En el Museo Casa se muestran trabajos de carpintería como hacía Quiroga, como canoas y remos.
En el Museo Casa se muestran trabajos de carpintería como hacía Quiroga, como canoas y remos.

La imagen de la tragedia y la muerte rodea desde el inicio la figura de Quiroga. Pero en San Ignacio su recuerdo tiene además otras facetas. “No le saco nada del mal de carácter que tenía, era un hombre de pocas pulgas, un egocéntrico, pero además ese egocentrismo es lo que le permite inaugurar lo que inauguró. Era una persona estudiosa, interesada por la ciencia y por la naturaleza”, dice Néstor Ríos, estudioso de la obra de Quiroga y uno de los primeros en poner en valor el “Museo Casa de Horacio Quiroga” antes que se restaurara y se abriera al público.

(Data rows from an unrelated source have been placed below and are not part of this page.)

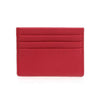 Bianca Cardholder Wallet 🌸 - Red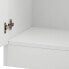 Фото #14 товара Мебель для ванной комнаты Schildmeyer Шкаф под раковину Lorenz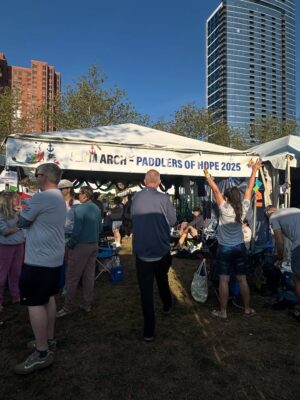 fb-107704176960_1184683637027113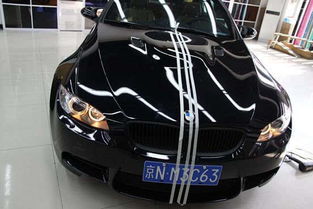 小米 YU7 流金粉配色惊艳亮相，科技与美学的跨界碰撞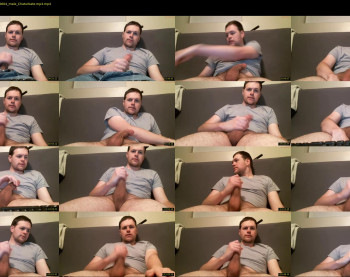 sevenfoursix
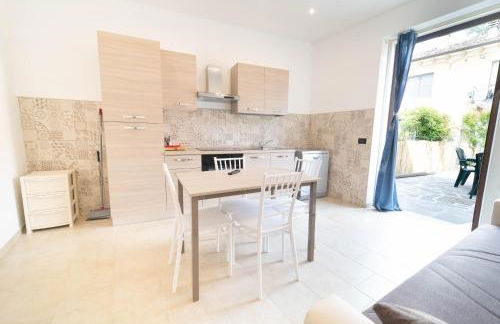 Agriturismo Bortolino - Foto 28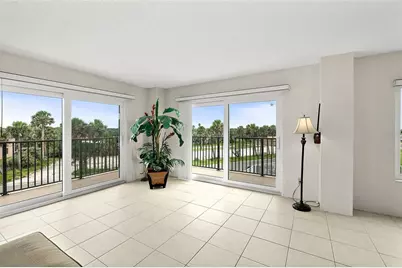 3600 S Ocean Shore Boulevard #222, Flagler Beach, FL 32136 - Photo 18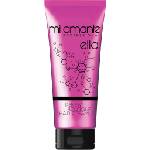 mi amante Крем за коса Ella Renew Boutique, 175 ml (3035812)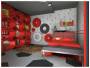 architecture home design
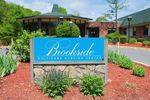 Brookside Multicare's newly-renovated skilled nursing facility offers private and semi-private rooms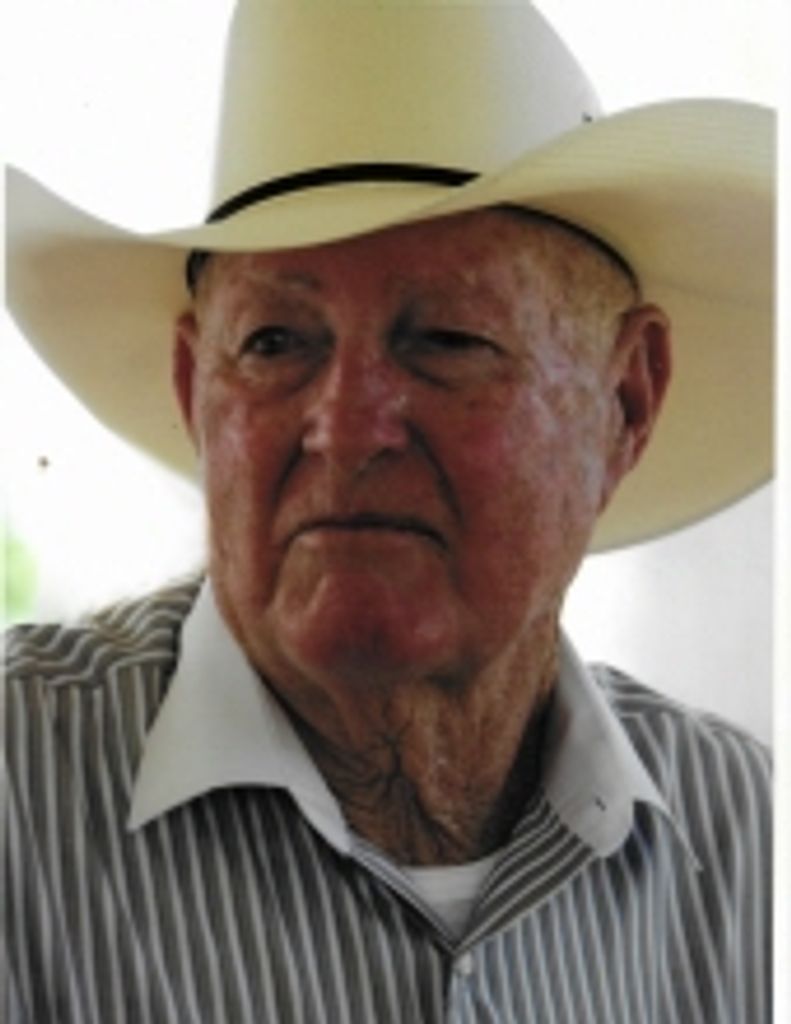 James A. Pierce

“Fue alguien que tuvo una vida con mucha exigencia, pero porque él se ponía en un camino de exigencia. Él quiso ir a Misiones, él quiso esa vida, casarse con mujeres jóvenes y pagó por todo eso”, afirma Ríos. Y pugna por un legado más luminoso. “A Quiroga hay que verlo desde otro punto de vista. Desde el hombre que trabajó, que produjo. Desde el hombre que descubrió una nueva naturaleza y que escribió desde este lugar cuando todos miraban a Europa”.

Quién fue Horacio Quiroga

♦ Nació en Salto, Uruguay, en 1878, y se suicidó en Buenos Aires, Argentina, en 1937.

♦ Fue uno de los grandes maestros del cuento latinoamericano y se lo comparó con Edgar Allan Poe.

♦ Entre sus obras fundamentales se cuentan Cuentos de amor, de locura y de muerte y Cuentos de la selva.